I remain troubled by the weird idea on here that transgression is bad, that shocking or startling other people sometimes is evil, etc.

I think it’s also very important to talk about the MASSIVE cultural shift that took place when kink changed from mainly a queer thing united around the word ‘leather’ to a predominantly cisgender heterosexual culture united around the term ‘BDSM’.

Because the young LGBT people that don’t feel safe around BDSM? They’re not all just conservative sex-negative people. That discomfort is there with some pretty good reasons. Young people that go to a BDSM event these days get into a completely different culture from what existed in leather culture.

The leather culture was a very broad sex-positive space that embraced things like anal sex, watersports, anonymous hookups in darkrooms, bondage, pet play, masochism, diapers, rubber, etc, etc, etc. But none of these sex acts defined leather culture. You could do none of the things that currently make up the BDSM acronym, and still be a part of leather culture.

And more importantly, leather culture was shaped by queer people, often the most marganilized queer people, and as such it was about subversive living. Redefining beauty standards, fucking over gender roles, queering everything. Leather culture was a big ‘fuck you’ to everything ‘respectable’ and as such it went hand in hand with all the movements that wanted to bring down the oppressive systems of our society. .

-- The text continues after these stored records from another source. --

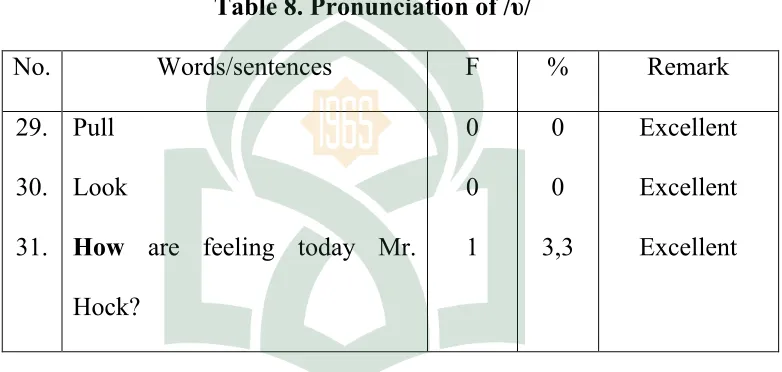 Table 8. Pronunciation of /υ/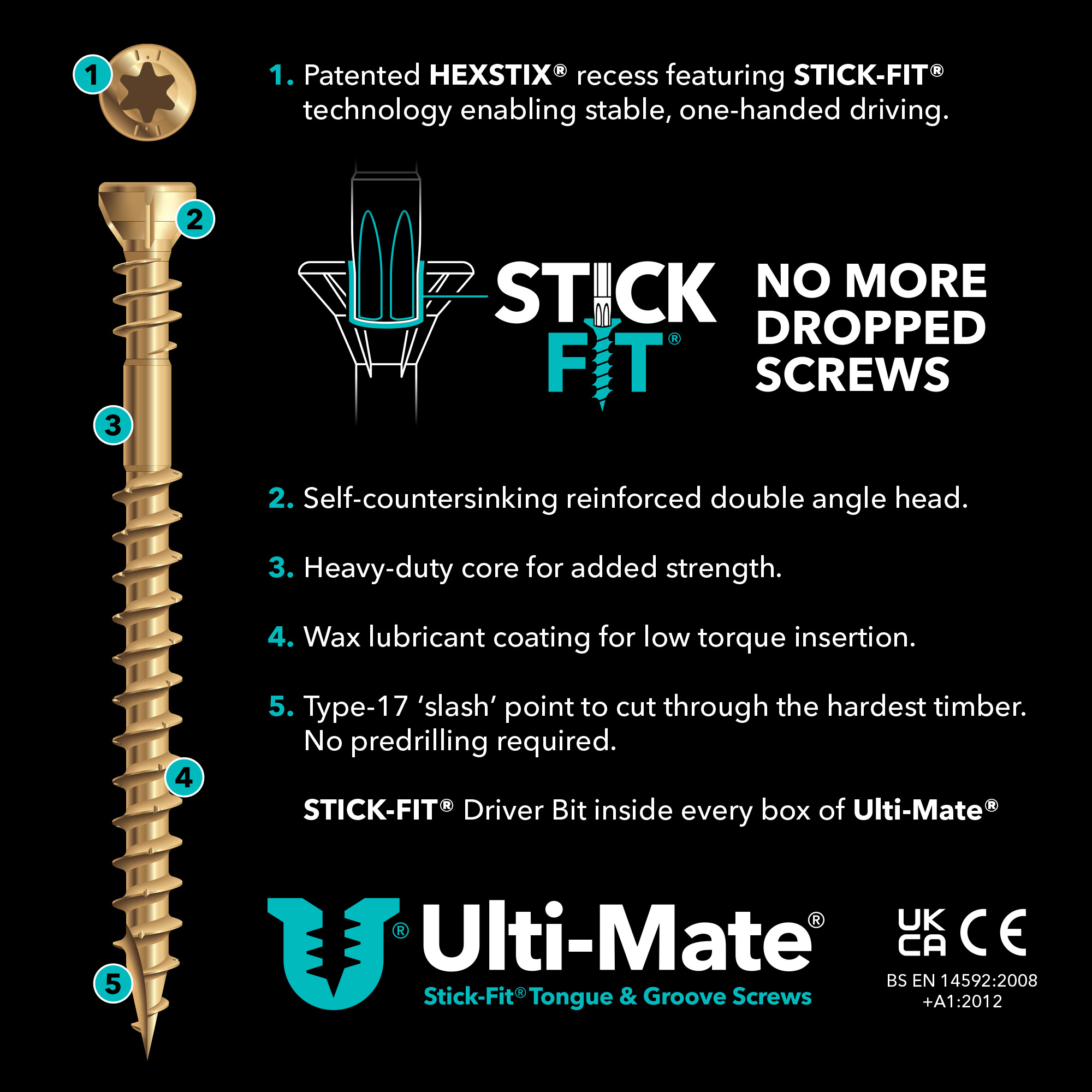Ulti-Mate®Tongue & Groove Screws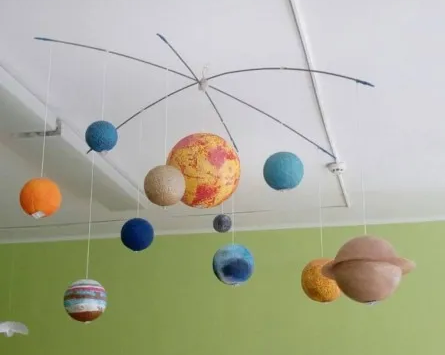 Мастер-класс "Планета своими руками"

BDSM only became a popular term in the mid-1990s and it is defined specifically by the sex acts of the BDSM acronym. So here you have a subculture that is all about power and control and full of mostly cisgender heterosexual dominant white men forming the most important leaders and culture definers. When I look around an average BDSM space now, I see shit like:

  • a blatantly sexist overlap between what is considered masculine and feminine and what is considered dominant and submissive
  • a false ‘BDSM vs. vanilla’ binary as if all the other kinks no longer matter
  • a pretty strong ‘more intense BDSM is better because vanilla is boring’ culture that encourages people to ‘push their boundaries’ (jikes)
  • a lot of unquestioning reproductions of rape culture and an obvious assumption that everyone gets off on these same images
  • a complete denial that maybe some of this attracts people who really aren’t into this whole consent thing

    (the old ‘no true scotsman’ thing: “Yes, Danny over there is creepy and pushy but he’s a Dom so we let him and all the subs just warn each other about him behind his back)

  • a tendency to hide rapists and silence victims because talking openly about rape in BDSM communities might damage the reputation of BDSM
  • a looooot of racism (white folks having slave auctions for fun? hello…)
  • a lot of commercialisation (owning all the right toys, going to all the right clubs, getting that premium membership on that dating site)
  • Homophobia, transphobia, classism, you name it

So, ya know, BDSM culture right now feels extremely unsafe to many and the important part is that is not because it’s kinky, it’s because it’s a culture build by and still mostly run by cisgender heterosexual white men who get off on dominating women. Which is, ya know, not the most subversive demographic out there. Bringing down the oppressive systems of our society? Not on the agenda.
BDSM culture is either apolitical or focussed on assimilation and absolutely celebrates the dominant paradigism in society.

 

Leather culture
wasn’t perfect by far, but it was about breaking down
standards of what beauty and sexuality looked like,
rejecting dominant paradigism in society and that united it with all the struggles against oppression.

Which is why I’d loooooove for queer spaces to become more sex-positive and kink-positive again but I’d haaaaate for them to ‘ally with the BDSM movement’ or reproduce the shitty culture that BDSM has cooked up in the last 20+ years.